# OT.....puppies!



## maryjane (Jul 15, 2006)

As some of you know, we have Ravi, a breeder dog for Canine Companions for Independence. They are a wonderful organization that breeds and trains working dogs for people with various disabilities. Ravi had puppies last night and this morning (sleep? what's that?  ) and I wanted to share the pictures. There are ten of them, golden retriever and yellow lab mixes. We keep them for seven weeks and then turn them into CCI, where they receive training and go to foster homes until they're ready to be service dogs. They will grow up to be dogs that help people to live their lives to the fullest.  

http://picasaweb.google.com/awrats3333/Puppies9506

Enjoy!


----------



## TAWhatley (Mar 6, 2001)

Oh my gosh! What precious, precious puppies! Thanks so much for sharing this momentous occasion with us! Major Eau de Puppy Breath  

Terry


----------



## Skyeking (Jan 17, 2003)

Hi maryjane,

What a wonderful service you and Ravi are doing. I can imagine how tired you all were. ...10 puppies...wow!  

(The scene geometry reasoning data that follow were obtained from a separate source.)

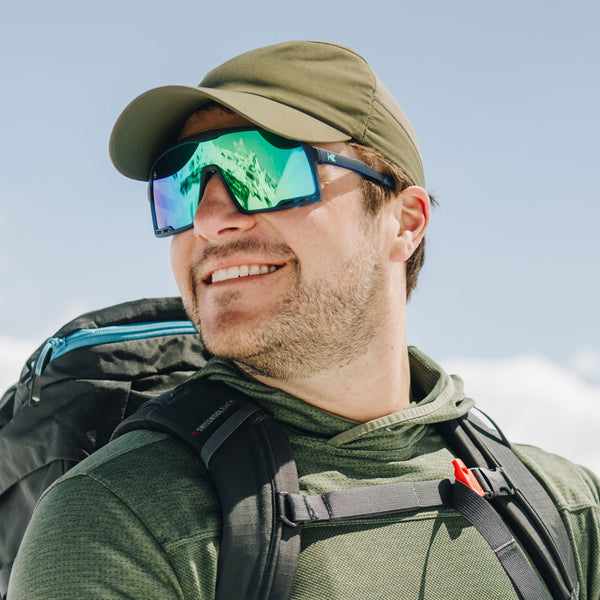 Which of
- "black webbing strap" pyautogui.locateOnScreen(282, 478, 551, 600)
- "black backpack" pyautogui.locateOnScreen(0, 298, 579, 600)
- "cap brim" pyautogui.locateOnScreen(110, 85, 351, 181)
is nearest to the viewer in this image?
"black backpack" pyautogui.locateOnScreen(0, 298, 579, 600)

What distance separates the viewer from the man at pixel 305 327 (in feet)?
7.12

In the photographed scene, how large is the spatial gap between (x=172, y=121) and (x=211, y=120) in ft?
0.59

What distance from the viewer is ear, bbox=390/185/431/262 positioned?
322cm

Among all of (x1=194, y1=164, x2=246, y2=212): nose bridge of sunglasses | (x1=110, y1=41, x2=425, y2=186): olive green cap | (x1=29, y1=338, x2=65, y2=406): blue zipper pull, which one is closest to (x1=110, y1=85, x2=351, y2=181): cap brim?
(x1=110, y1=41, x2=425, y2=186): olive green cap

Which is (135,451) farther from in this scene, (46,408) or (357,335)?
(357,335)

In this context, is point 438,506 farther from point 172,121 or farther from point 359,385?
point 172,121

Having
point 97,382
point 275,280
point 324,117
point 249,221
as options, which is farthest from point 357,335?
point 97,382

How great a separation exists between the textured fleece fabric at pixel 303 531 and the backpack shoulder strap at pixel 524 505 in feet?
0.29

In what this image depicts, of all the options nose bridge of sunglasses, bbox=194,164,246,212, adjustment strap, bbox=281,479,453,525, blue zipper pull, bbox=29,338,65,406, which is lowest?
adjustment strap, bbox=281,479,453,525

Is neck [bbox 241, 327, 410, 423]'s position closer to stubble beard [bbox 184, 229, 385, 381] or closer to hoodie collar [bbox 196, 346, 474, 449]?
stubble beard [bbox 184, 229, 385, 381]

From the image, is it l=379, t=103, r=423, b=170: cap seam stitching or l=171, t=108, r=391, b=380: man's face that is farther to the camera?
l=379, t=103, r=423, b=170: cap seam stitching

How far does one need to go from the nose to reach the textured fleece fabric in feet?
1.78

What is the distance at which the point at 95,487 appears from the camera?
217 cm

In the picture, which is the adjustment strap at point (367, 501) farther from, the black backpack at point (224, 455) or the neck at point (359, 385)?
the neck at point (359, 385) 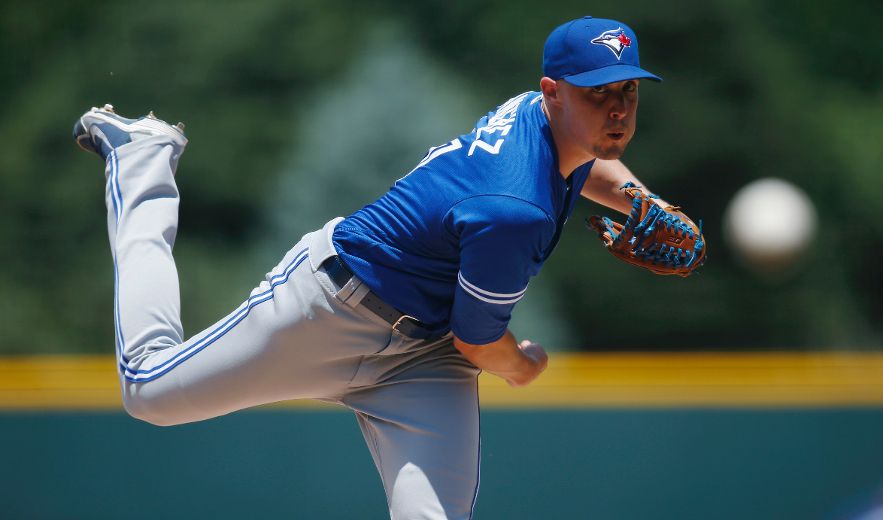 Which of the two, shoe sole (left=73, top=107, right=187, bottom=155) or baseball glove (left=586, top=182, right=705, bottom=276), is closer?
baseball glove (left=586, top=182, right=705, bottom=276)

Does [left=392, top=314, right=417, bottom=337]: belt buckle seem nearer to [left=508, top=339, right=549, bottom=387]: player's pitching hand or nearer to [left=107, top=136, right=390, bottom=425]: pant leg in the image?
[left=107, top=136, right=390, bottom=425]: pant leg

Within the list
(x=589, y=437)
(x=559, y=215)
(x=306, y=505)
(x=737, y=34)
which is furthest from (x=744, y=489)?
(x=737, y=34)

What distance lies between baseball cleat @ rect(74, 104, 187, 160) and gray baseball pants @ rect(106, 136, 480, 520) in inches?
15.1

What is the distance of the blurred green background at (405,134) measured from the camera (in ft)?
18.7

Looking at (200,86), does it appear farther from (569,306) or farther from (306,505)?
(306,505)

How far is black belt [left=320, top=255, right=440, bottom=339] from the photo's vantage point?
2242 millimetres

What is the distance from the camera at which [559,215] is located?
2.25 metres

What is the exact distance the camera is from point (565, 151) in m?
2.16

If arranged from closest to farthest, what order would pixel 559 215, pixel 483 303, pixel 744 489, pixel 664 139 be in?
pixel 483 303
pixel 559 215
pixel 744 489
pixel 664 139

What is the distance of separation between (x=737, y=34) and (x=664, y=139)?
74 cm

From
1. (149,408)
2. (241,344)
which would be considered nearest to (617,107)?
(241,344)

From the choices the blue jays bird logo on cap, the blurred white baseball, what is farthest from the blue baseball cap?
the blurred white baseball

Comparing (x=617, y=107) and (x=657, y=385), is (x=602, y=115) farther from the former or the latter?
(x=657, y=385)

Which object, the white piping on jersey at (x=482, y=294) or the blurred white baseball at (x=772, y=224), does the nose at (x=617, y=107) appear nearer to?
the white piping on jersey at (x=482, y=294) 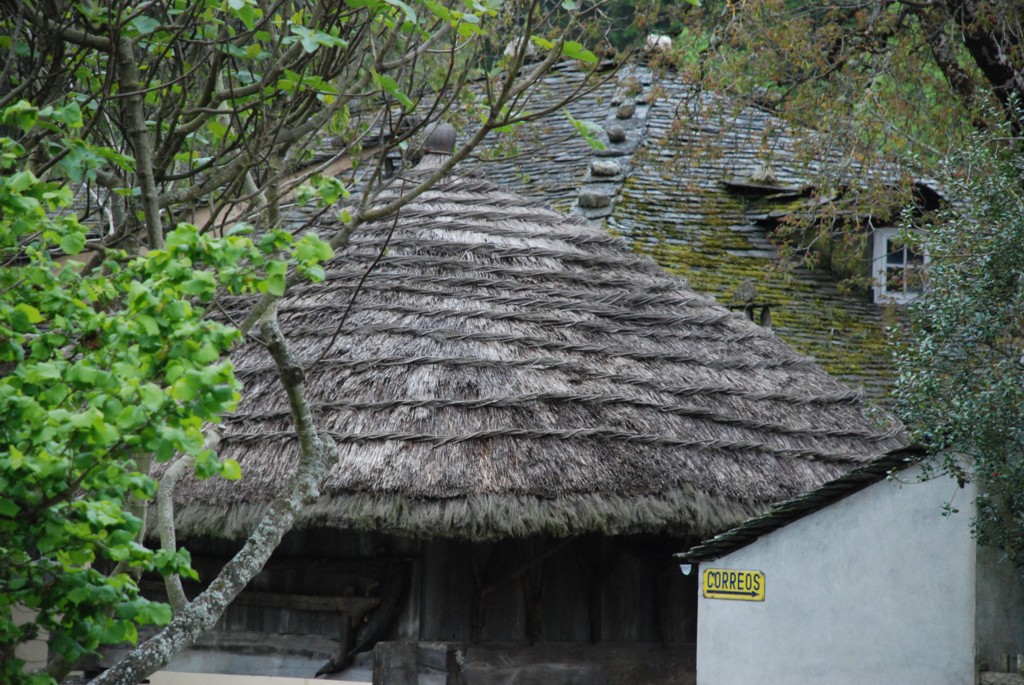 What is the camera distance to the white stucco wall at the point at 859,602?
6.10 meters

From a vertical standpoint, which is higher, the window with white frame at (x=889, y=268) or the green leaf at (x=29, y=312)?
the window with white frame at (x=889, y=268)

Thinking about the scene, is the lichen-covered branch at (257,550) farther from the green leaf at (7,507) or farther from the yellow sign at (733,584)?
the yellow sign at (733,584)

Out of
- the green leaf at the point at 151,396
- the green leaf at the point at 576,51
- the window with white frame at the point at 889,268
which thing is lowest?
the green leaf at the point at 151,396

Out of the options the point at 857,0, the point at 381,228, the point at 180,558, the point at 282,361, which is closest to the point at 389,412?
the point at 381,228

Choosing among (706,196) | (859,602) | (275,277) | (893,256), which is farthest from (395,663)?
(893,256)

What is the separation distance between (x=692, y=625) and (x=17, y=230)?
576 centimetres

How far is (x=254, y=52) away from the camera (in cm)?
520

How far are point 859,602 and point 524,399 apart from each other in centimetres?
243

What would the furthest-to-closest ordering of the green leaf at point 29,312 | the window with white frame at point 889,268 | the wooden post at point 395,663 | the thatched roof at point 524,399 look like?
1. the window with white frame at point 889,268
2. the wooden post at point 395,663
3. the thatched roof at point 524,399
4. the green leaf at point 29,312

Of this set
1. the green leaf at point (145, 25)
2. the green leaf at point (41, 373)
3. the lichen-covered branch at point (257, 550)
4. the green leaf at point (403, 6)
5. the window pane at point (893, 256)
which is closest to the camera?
the green leaf at point (41, 373)

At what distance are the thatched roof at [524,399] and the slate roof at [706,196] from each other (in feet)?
6.22

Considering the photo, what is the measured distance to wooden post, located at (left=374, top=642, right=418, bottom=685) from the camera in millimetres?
7500

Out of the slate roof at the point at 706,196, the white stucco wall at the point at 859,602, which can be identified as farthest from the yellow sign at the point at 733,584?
the slate roof at the point at 706,196

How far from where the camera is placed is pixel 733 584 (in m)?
6.62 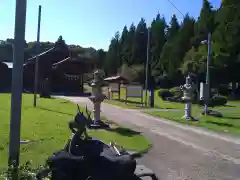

Quite appropriate for her to go into labor on Labor day.  

I appreciate it greatly that you shared this with us.

Please keep us updated on how mom and puppies are doing.


----------



## Maggie-NC (Jun 22, 2005)

Awwww, so cute. What a wonderful thing you and Ravi are doing, Maryjane.

Poor little mommy. From the looks of your chart it took many hours for these babies to be born. I hope she recovers quickly.

What is the red spot on top of one of the puppies head?

And, more and more pictures, please. I just love puppies.


----------



## maryjane (Jul 15, 2006)

Lady Tarheel said:


> Awwww, so cute. What a wonderful thing you and Ravi are doing, Maryjane.
> 
> Poor little mommy. From the looks of your chart it took many hours for these babies to be born. I hope she recovers quickly.
> 
> ...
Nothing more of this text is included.